Finalement, ils ne sont pas si différents. Des scientifiques ont révélé un lien entre le génome des tout premiers Homo sapiens arrivés en Europe il y a 45 000 ans, et celui des populations du Paléolithique connue pour ses statuettes de Vénus. Seulement, avant, on pensait que les Homo sapiens n’avaient pas d’héritage génétique.

La découverte a été faite à partir de fragments de crânes du site archéologique de Buran-Kaya III. La péninsule de Crimée située au nord de la mer Noire a été fouillé il y a plus de dix ans.

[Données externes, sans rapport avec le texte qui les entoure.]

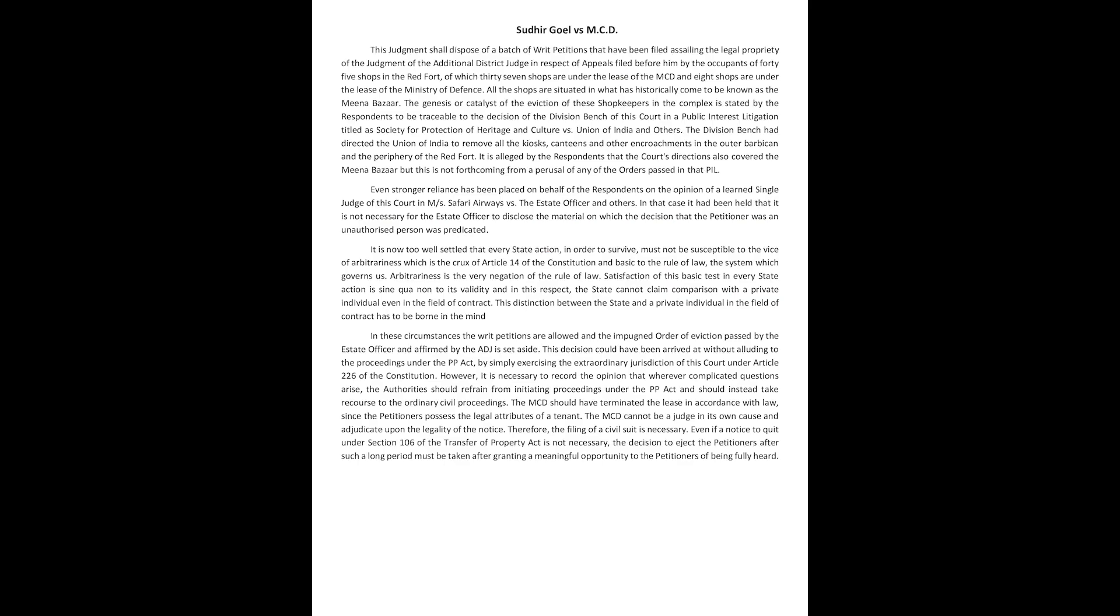This judgment shall dispose of a batch of writ petitions that have been filed assailing the legal propriety of the judgment of the additional district judge in respect of appeals filed before him by the occupants of forty-five shops in the Red Fort.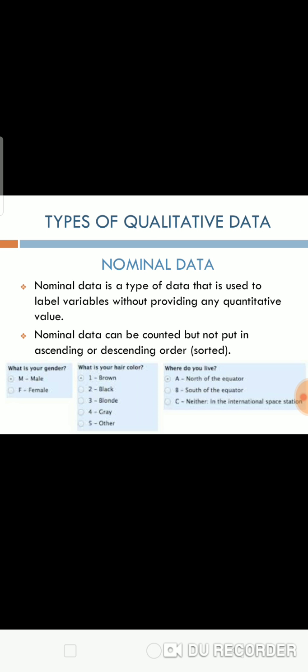Types of qualitative data. Nominal data is a type of data that is used to label variables without providing any quantitative value. Nominal data can be counted but not put in ascending or descending order. Examples are gender, hair color, etc.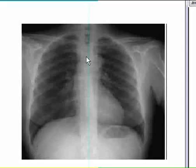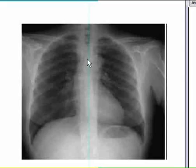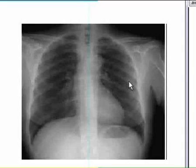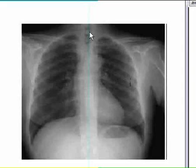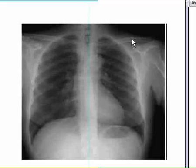So this black line is the trachea, and apparently this is the carina here, and the trachea is dividing into the right main bronchus and left main bronchus. These are ribs — posterior ribs. You can see the thoracic spine as well. And these two bones are clavicles, or collar bones.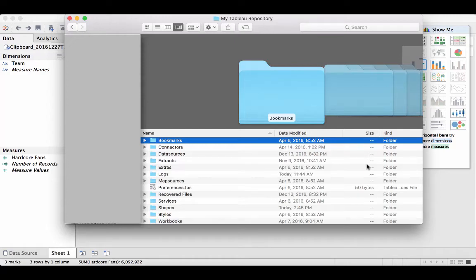Hey guys, welcome to another episode of Tableau Tips and Tricks. Today I'm going to show you how to use custom shapes in under two minutes.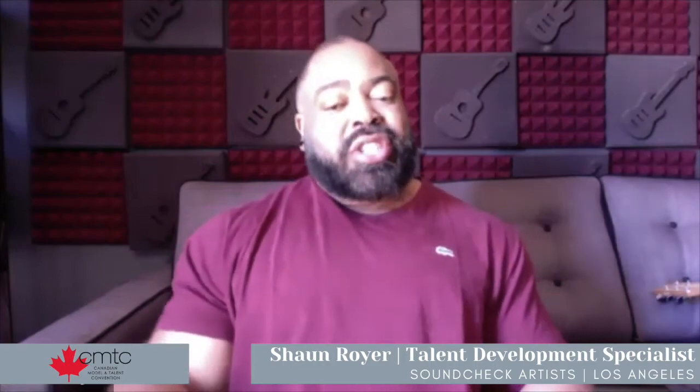Number three: you've got to practice your song. You would think this goes without saying, but I've been at conventions and auditions where people are learning their songs in the hallway. You need to make sure that you practice your song and make sure that every note is correct. When you're practicing, go line by line or even word by word and make sure that each note is correct. Don't skip by a word or a note without knowing exactly where it is. The notes are the building block of the house — you don't want a foundation that is not absolutely solid.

Il s'agit d'os de deux individus datés de -36 000 et -37 000 ans. Récemment, le génome a pu être extrait grâce à de nouvelles techniques, selon une étude parue cette semaine dans Nature Ecology & Evolution. Les chercheurs ont comparé leurs génomes aux données des banques d'ADN, et notamment à celui d’une femme d’il y a 45 000 ans. À cette époque, les tout premiers Homo sapiens venus d'Afrique pour débarquer sur le continent eurasiatique. Le peuplement s'est fait par vagues successives. Une partie de cette population pionnière s'est implantée en Asie et a laissé un héritage génétique jusque chez les populations actuelles.

L'histoire a été plus chaotique pour la branche européenne. Jusqu’ici, aucune empreinte génétique n’avait été retrouvée, laissant supposer qu'elle avait disparu. On pensait qu’une nouvelle vague de migration, dont font partie les humains de Buran-Kaya III, avait eu lieu plusieurs milliers d’années plus tard et l’avait remplacée.

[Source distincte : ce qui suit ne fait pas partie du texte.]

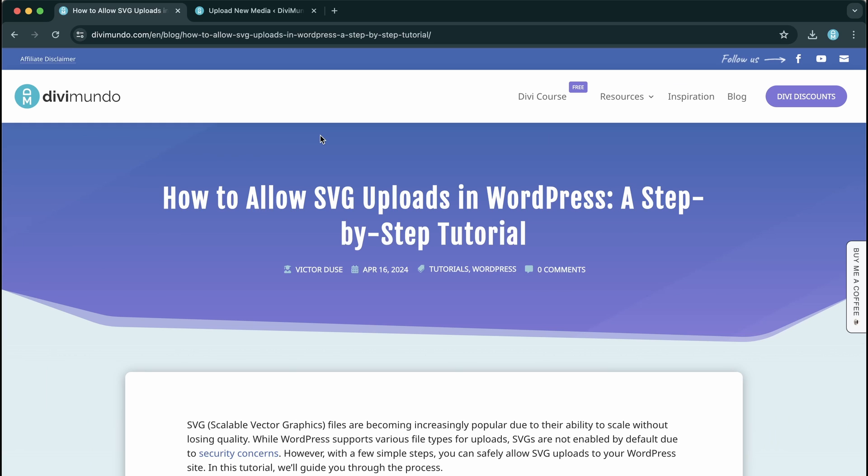So the reason that WordPress doesn't allow uploads of SVG files is that there could be malicious code put into the SVG files and that could lead to your site crashing or being hacked.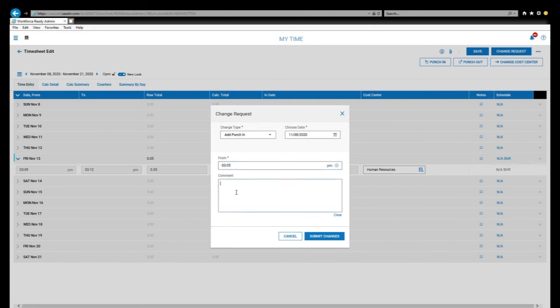And then in your comment section, send a message to the supervisor of what you're doing. From there, you select submit changes.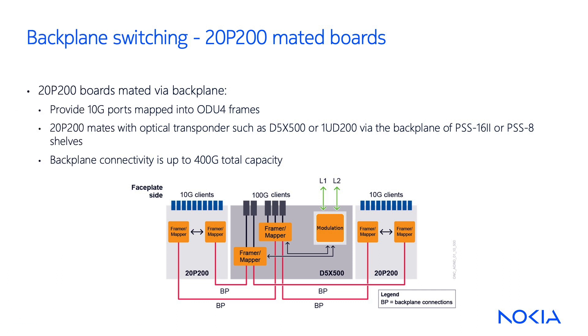Today, we'll demonstrate the optical backplane switching mechanism in a lab exercise using the Engineering and Planning Tool, or EPT. In particular, we will use 20P200 input-output cards, paired together with 1UD200 optical transponders. This is possible thanks to a 400G backplane connection available on PSS-16-2 and PSS-8 shelves.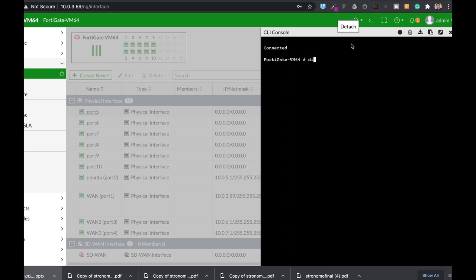Let's just use the basic command which is DiagSniffer packet. Now, here you can use different interfaces or different port numbers. Let's use port 2 which my Ubuntu device is connected to and you can use different verbosity levels from 1 to 6. And you can also use time step and so on.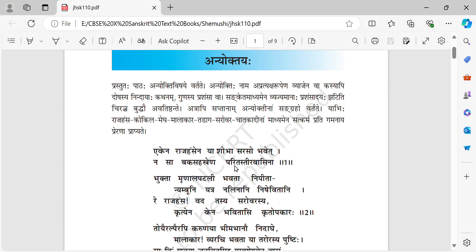The total meaning is: the beauty of the lake is enriched by a swan living in the water of that lake, rather than by thousands of herons or crane birds living on the bank. Though it refers to a rajahamsa, the meaning is subtle — we can apply this to different situations. For example, one good student will increase the beauty of the class compared to thousands of other students who do not study well.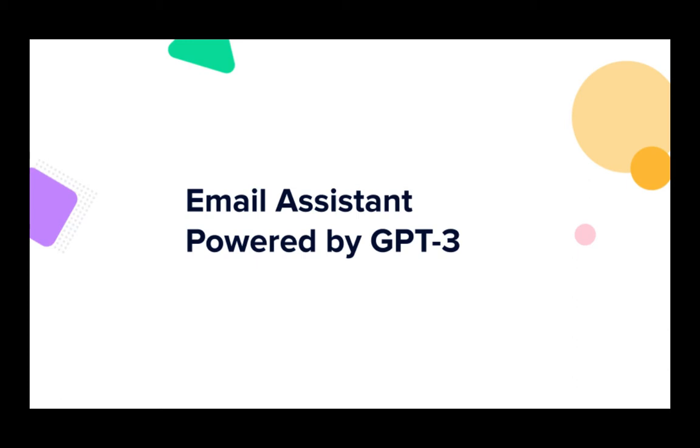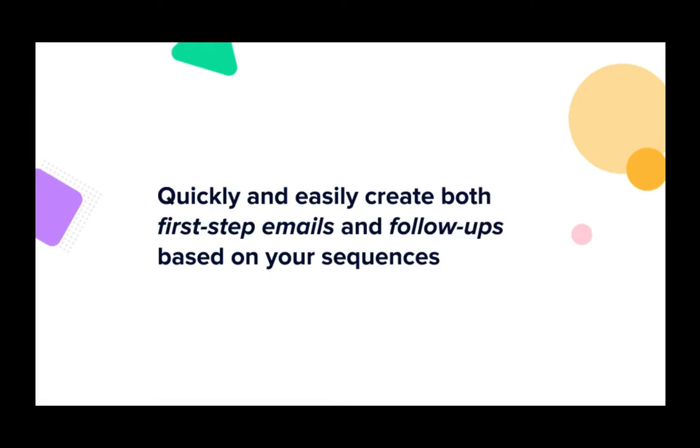Hi, our brand new Reply feature, Email Assistant powered by GPT-3, is ready for you. The new Email Assistant will help create both first emails and follow-ups based on communication threads with prospects. Generate custom, 100% human-like emails with the power of AI.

À l’origine de ce déclin : un refroidissement du climat et une aridification entre -40 000 et -45 000. Ces phénomènes ont été aggravé par une gigantesque en Italie qui a recouvert une partie de l'Europe d'un nuage de cendres.

Cette crise écologique aurait été « suffisamment grave pour entraîner la disparition de ces tout premiers Sapiens et peut-être aussi des Néandertaliens », une autre espèce humaine qui s'est éteinte à la même période, poursuit Eva-Maria Geigl, directrice de recherche à l'organisme scientifique français CNRS et co-auteure de l'étude.

Mais la découverte de leur trace dans le génome des humains du site de Crimée suggère qu’une partie de ce peuplement a survécu à la catastrophe. Leurs descendants se seraient ensuite « métissés avec les nouveaux arrivants après que le climat se soit réchauffé et soit devenu plus humide », ajoute la généticienne.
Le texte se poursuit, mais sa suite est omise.